“Mom, can we stay with you tonight?” It was Rachel. She, her husband, and their infant son lived in a mobile home surrounded by trees. “We’re supposed to evacuate on account of the hurricane. Mike’s on his way home from work, now. I’m scared, Mom. ”
“You have time. But please, honey, come as soon as you can. We’re getting ready for it. Bring everything you’ll need for the next several days just in case….” I said.
That night after the wind knocked out the power, we listened to news on a battery operated radio. My daughters, all of them, huddled in the living room and clung to every word of the emergency broadcast…A loud crash broke the concentration.
Armed with flashlights and rope, my husband and son-in-law left the house to investigate. The girls held hands and prayed. As I watched the men though the window, their flashlights illuminated blurs of their movement – the struggle to tie rope to the posts and tether themselves, their blown faces like distorted images in a fun house, the rain slamming them sideways.
When they returned, the girls threw questions at them. What happened? Did you see the barn? Are the horses okay? What was that noise?
“The sycamore, the one by the driveway, toppled over,” Mike reported.
“It’s okay,” my husband said, “it didn’t hit the propane tank.”
At this point, most of us were exhausted. We were tired of listening to the wind, the tinny radio voices, and the pelting rain. I blew out the candles and brought out blankets and pillows. We dosed.
In the light of dawn, the brightest light I had ever seen, we stumbled awake and gathered outside. I heard a scream.
In the blink of an eye, our yard had become a strange landscape. Toppled trees and branches obscured the view of the street, the barn, and the pond. A large oak lay across the front field. The top of an old cedar had hurled like a spear into Marie’s ragtop. She was still screaming. She loved that car.

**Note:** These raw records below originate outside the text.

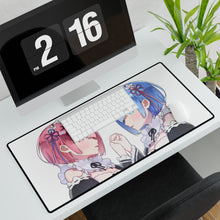 Load image into Gallery viewer, Anime Re:ZERO -Starting Life in Another World- Mouse Pad (Desk Mat)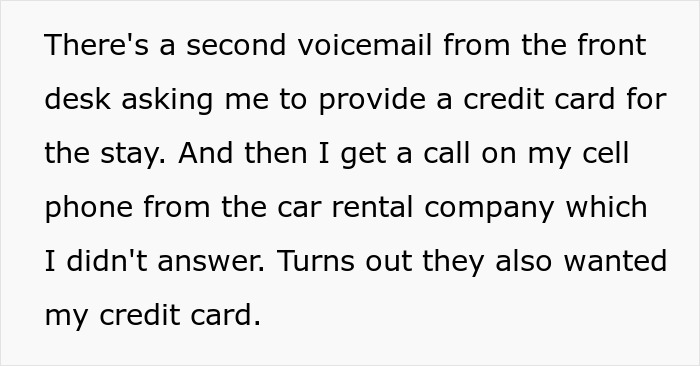Person Flies Across The Country For An Interview, Finds Out The Job No Longer Exists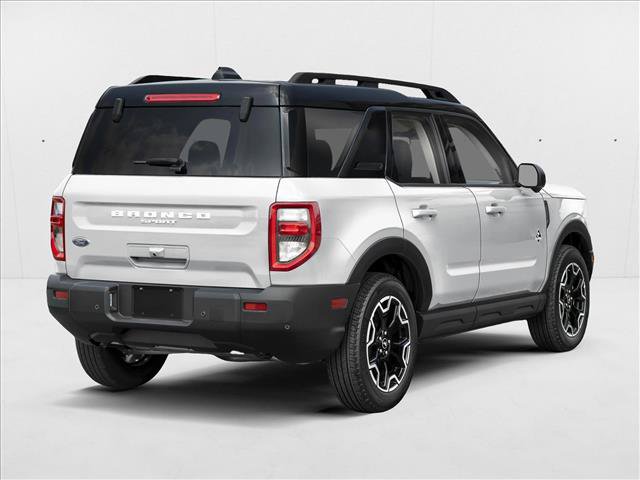 New 2026 Ford Bronco Sport Outer Banks w/ Outer Banks Tech Package+ AWD/4WD image 2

We comforted each other and checked on our neighbors. All the people on our street were without electricity too, but no one was hurt. For the next several days, I would bond with my neighbors in ways I wouldn’t have otherwise. We held grilling parties to share thawing food, passed around generators for our well pumps, and took turns with chain saws to clear the road of fallen trees. A friend fixed Marie’s car.
Within a few weeks, our lives returned to normal, but we would never be the same. We learned about the power of people and the power of nature. United in humanity, we do have dominion.
- Hurricane Landfall: What is it and don’t be stupid about it. [Greg Laden’s Blog] (scienceblogs.com)
- Isaac strengthens, set to hit Gulf Coast as Category 2 hurricane (riehlworldview.com)
There is only so much any one person can control. It’s usually best to allow those of higher power control the larger issues while we stick to what actually lie within our bounds.
Glad to hear that everyone was all right. Sounds like it’s about time to get to redecorating the yard with new life.
We don’t get really big storms here, certainly nothing like this. When we do have big winds, trees falling and so on, it’s great to be inside, just listening. We don’t have to worry about going away from it or packing stuff up.
And we know it won’t last too.
Sounds very scary.
It is scary. Luckily, it doesn’t happen too often.
That must have been pretty scary 😦
We don’t often have huge storms here in the UK and we still talk about the huge one in 1987. I hope it’s the only one I see during my lifetime!
You were probably too young to remember that one. 🙂
Sooner or later everyone experiences a terrifying force of nature, an event written about in history books, family diaries, and blogs.
Our second Christmas in England a huge storm blew through and we were without power for the day. That was probably some of the worst winds I’ve known, trees fallen, quite a mess left behind. But no lives were lost, thankfully. Weather is precarious, and we are at its mercy. Hopefully Isaac won’t leave too much devastation.
This is such a vivid description of events, enjoyed reading it. Before I moved to Wellington, I lived in Christchurch, city hit by devastating earthquakes. When threatened by the power of nature, people form communities of support and stick together. It is the return to the basic and powerful humanity.
I’ve never experienced an earthquake. I imagine it’s very frightening. I agree that when people come together in support during such disasters, there’s beauty in the rubble.
Your story reminds me of when I lived in Panama City, FL in the ’80’s. Thanks for stopping by my blog and liking my post.
Scary, huh? You never forget. Twenty-two people lost their lives in our state due to this event. Nothing like the devastation from Katrina, though. Stay safe, and thanks for stopping by.